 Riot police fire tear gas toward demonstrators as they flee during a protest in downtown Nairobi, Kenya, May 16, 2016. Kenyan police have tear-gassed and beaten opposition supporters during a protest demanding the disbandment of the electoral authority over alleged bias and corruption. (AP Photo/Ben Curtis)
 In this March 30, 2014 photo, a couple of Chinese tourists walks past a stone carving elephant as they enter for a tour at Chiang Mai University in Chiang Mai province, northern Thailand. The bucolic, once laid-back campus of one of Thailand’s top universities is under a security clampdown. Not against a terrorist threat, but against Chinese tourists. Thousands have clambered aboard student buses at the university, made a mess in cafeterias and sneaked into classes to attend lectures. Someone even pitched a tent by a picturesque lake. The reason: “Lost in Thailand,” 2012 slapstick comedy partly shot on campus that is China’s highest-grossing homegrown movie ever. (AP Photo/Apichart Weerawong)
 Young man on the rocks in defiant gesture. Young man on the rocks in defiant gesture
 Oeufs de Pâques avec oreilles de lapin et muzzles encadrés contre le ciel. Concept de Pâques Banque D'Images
---
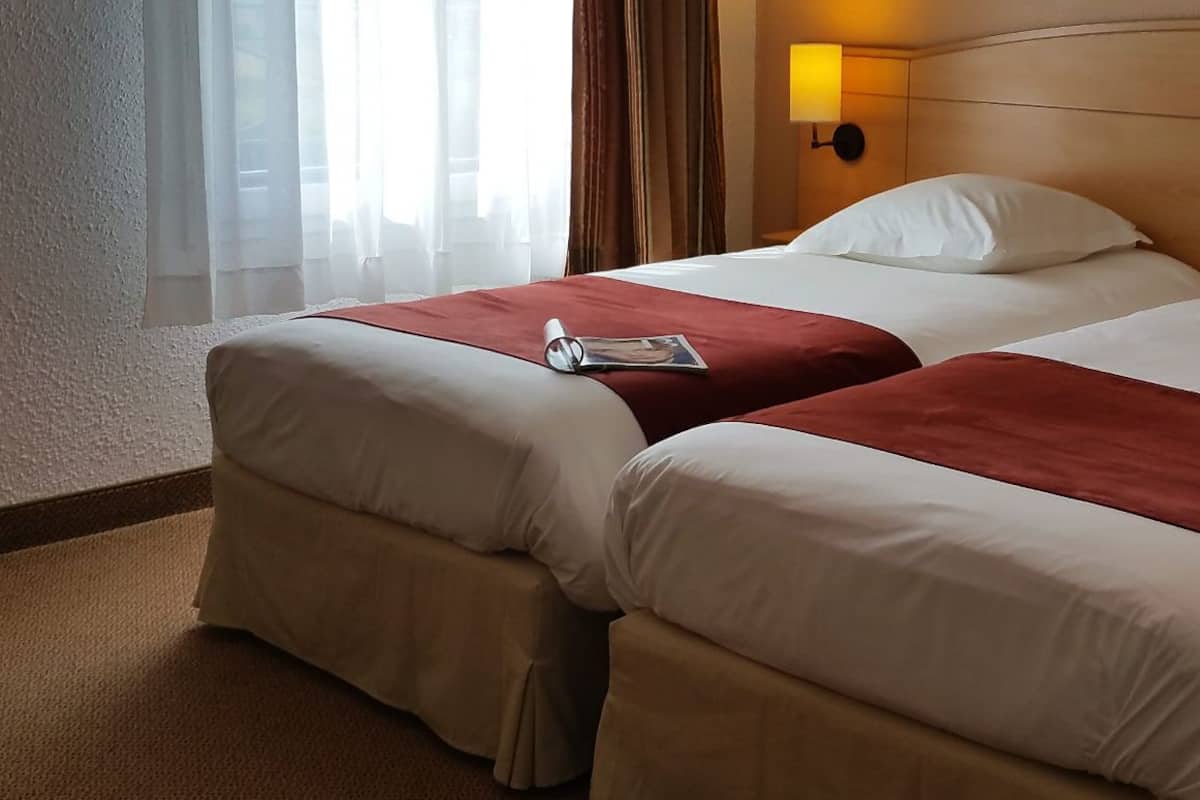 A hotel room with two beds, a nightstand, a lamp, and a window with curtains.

EXERCISE DESCRIPTION = Scan the records above for the lines holding "Young man on the rocks in defiant gesture." and "Oeufs de Pâques". Transcribe those two and every line between them word for word, and no others.

RESPONSE AREA =
 Young man on the rocks in defiant gesture. Young man on the rocks in defiant gesture
 Oeufs de Pâques avec oreilles de lapin et muzzles encadrés contre le ciel. Concept de Pâques Banque D'Images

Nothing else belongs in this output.